The EU depends on external sources for most of its industrial and daily consumption food, gasoline and electronics. For example, the EU depends on imports for most mineral fertilizers used in food production, which could be disrupted by conflict. Fifty percent of EU nitrogen fertilizer imports come from Russia. The EU imports most of its phosphate and potassium fertilizers from Russia, Belarus and Morocco. And the union also depends on imports – especially those from China – for many of the raw materials needed for its defense sector.

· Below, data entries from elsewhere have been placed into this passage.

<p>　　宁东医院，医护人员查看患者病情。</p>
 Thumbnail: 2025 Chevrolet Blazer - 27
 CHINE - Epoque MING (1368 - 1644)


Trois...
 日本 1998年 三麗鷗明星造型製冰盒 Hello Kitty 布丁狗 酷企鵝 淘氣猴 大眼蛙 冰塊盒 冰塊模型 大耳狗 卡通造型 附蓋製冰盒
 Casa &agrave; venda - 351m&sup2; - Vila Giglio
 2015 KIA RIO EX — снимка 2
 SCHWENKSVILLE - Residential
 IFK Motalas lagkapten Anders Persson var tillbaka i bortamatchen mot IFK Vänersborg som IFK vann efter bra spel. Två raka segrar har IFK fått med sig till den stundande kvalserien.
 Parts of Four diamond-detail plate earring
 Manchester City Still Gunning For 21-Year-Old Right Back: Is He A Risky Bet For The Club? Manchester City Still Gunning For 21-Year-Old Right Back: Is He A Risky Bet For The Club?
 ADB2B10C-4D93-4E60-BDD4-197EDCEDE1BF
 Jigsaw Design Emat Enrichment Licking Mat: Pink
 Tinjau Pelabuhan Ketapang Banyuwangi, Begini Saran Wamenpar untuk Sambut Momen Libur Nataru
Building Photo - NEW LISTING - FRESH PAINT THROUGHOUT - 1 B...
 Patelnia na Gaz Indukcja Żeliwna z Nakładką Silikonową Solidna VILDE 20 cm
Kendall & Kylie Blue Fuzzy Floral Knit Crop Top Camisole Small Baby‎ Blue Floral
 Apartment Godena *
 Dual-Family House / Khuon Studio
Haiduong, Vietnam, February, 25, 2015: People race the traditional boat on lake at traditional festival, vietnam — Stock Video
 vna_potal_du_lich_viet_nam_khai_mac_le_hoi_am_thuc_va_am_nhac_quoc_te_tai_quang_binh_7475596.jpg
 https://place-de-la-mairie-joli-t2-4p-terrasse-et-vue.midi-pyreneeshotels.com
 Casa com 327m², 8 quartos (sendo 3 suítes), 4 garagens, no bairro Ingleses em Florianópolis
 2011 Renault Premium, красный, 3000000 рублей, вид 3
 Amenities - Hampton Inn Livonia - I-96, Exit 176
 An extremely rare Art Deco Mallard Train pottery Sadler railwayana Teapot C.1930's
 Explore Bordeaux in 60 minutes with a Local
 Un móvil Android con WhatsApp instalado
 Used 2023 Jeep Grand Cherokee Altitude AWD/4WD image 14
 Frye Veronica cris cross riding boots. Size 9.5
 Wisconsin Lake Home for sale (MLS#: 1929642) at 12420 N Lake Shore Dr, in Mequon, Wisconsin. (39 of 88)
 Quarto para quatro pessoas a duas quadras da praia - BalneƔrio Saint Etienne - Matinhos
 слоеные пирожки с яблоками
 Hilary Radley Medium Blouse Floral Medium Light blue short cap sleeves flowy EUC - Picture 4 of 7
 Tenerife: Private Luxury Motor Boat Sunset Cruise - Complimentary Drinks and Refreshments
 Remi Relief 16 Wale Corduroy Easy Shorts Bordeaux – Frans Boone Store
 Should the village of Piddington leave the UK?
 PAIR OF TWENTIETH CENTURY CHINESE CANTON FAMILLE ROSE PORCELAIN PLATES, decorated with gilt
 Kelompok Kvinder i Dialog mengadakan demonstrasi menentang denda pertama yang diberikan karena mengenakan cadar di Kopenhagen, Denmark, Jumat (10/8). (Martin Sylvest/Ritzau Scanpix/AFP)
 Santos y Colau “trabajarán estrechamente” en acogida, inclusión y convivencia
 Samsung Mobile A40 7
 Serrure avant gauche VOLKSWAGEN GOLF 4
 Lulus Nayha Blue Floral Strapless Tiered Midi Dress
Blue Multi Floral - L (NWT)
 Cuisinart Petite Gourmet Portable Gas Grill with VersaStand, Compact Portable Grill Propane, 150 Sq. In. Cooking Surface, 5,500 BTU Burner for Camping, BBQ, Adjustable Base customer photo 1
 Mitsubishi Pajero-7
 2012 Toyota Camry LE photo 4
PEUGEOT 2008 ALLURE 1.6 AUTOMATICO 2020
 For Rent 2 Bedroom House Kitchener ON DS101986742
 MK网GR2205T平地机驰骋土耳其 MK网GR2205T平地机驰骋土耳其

To start addressing these vulnerabilities, EU leaders should use economic recovery plans, cohesion policy and the Fit for 55 package to reduce household reliance on fossil gas for cooking and heating. It actually means The union needs an ambitious strategy to replace all gas boilers and stoves in the EU over the next two years with renewable sources, such as efficient solar thermal or hybrid heat pumps. In line with this effort, the EU should also:

  • Immediately launch a communication campaign targeting EU citizens and businesses to reduce their energy consumption in solidarity with Ukraine.
  • Develop a common energy security policy based on the concept of green strategic autonomy. All sources of energy and critical raw materials in the EU should be sustainable and compatible with its strategic autonomy. This policy should include a mandatory target to reduce the Union’s dependence on foreign sources of energy and materials, as well as ambitious energy efficiency measures.
  • Engage in constructive dialogue with key trading partners on collaborative approaches to sharing global supplies of critical materials
  • Accelerate the implementation of the action plan for the circular economy in order to reduce the demand and waste of these materials.
  • Reduce the risk of resource-based conflicts by preventing shocks to the supply of food and essential materials for housing, mobility and the energy sector. This will require common funds to promote the development of efficient technologies in their use of both materials and energy.
  • Ensure that EU food production reduces its dependence on inputs from unstable countries and becomes more resilient to economic shocks and climate change. This will oblige the EU to take into account the environmental and climatic effects of the common agricultural policy.

Following Russia’s unprovoked invasion of Ukraine, the EU should not further delay its efforts to resolve all these issues. It is time to strengthen the EU’s green strategic autonomy in energy and critical raw materials.

The European Council on Foreign Relations does not take a collective position. ECFR publications represent the views of its individual authors only.